Alih-alih meredup, pesona Sapardi di hari senja justru menarik perhatian lebih banyak orang. Penyanyi Jason Ranti, misalnya, tak mau ketinggalan memetik inspirasi dari kisah hidup dan karya-karya Sapardi. Hasilnya tertuang ke dalam lagu berjudul Lagunya Begini Nadanya Begitu. Video klip dari lagu yang seutuhnya didedikasikan untuk Sapardi itu menampilkan perjalanan Jason membesuk sang maestro di kediamannya di Ciputat.

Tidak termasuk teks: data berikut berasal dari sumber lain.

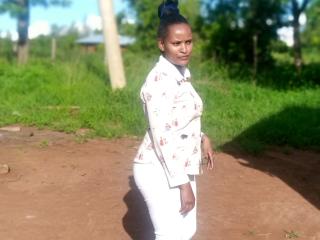 Emphi69 Boobs Liveshow - Photo 4/19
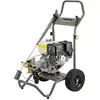 Kärcher HD 7/15 G Benzin-Hochdruckreiniger, 4000 Watt, 150 Bar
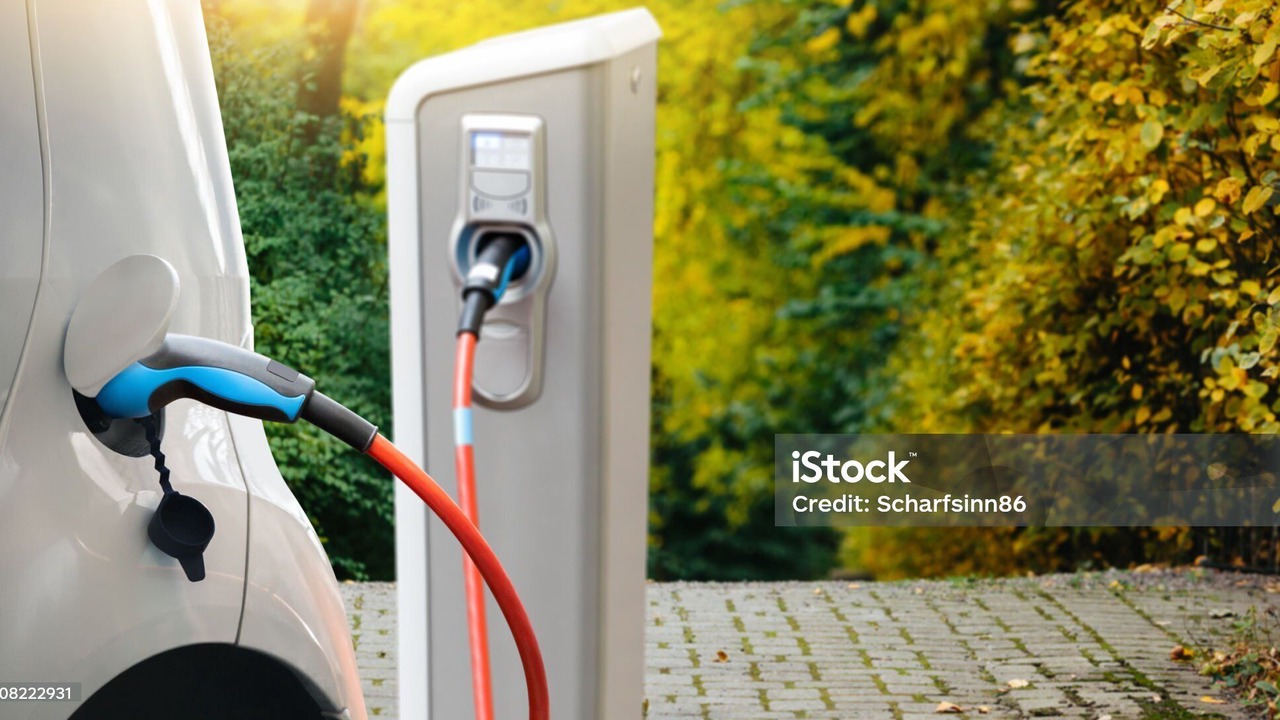 Photo of Others in Vezin-le-Coquet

Penyanyi Jason Ranti, misalnya, tak mau ketinggalan memetik inspirasi dari kisah hidup dan karya-karya Sapardi. Hasilnya tertuang ke dalam lagu berjudul Lagunya Begini Nadanya Begitu.

Saat menerima Jason Ranti di rumahnya pada pertengahan 2019, Sapardi sudah mulai sakit-sakitan. Ia sempat bolak-balik dirawat di rumah sakit dalam kurun waktu empat bulan akibat penurunan hemoglobin. Satu tahun kemudian, tepatnya pada Juli 2020, Sapardi kembali menerima perawatan intensif akibat penyakit komplikasi.

Menurut penuturan Reda, Sapardi di hari-hari terakhirnya masih berlaku layaknya pujangga sejati. Meski terbaring lemah, sang guru terus mencoba berdialog dengan diri sendiri dan membongkar pasang kata untuk mencari bait-bait puisi yang hilang. Barangkali ini adalah cara Sapardi menggenapi ikrarnya untuk terus berkarya sampai mati.

Meski terbaring lemah, sang guru terus mencoba berdialog dengan diri sendiri dan membongkar pasang kata untuk mencari bait-bait puisi yang hilang. Barangkali ini adalah cara Sapardi menggenapi ikrarnya untuk terus berkarya sampai mati.

Hingga akhir hayat, Sapardi Djoko Damono tidak pernah letih berkarya di tengah arus perubahan zaman. Terkadang ia lugu dan pemalu layaknya anak kecil. Lain waktu, ia adalah guru kebijaksanaan yang suka berbagi ilmu dan kebaikan lewat kata-kata romantis. Keduanya membentuk kepribadiannya yang mirip ilmu padi – kian berisi kian merunduk.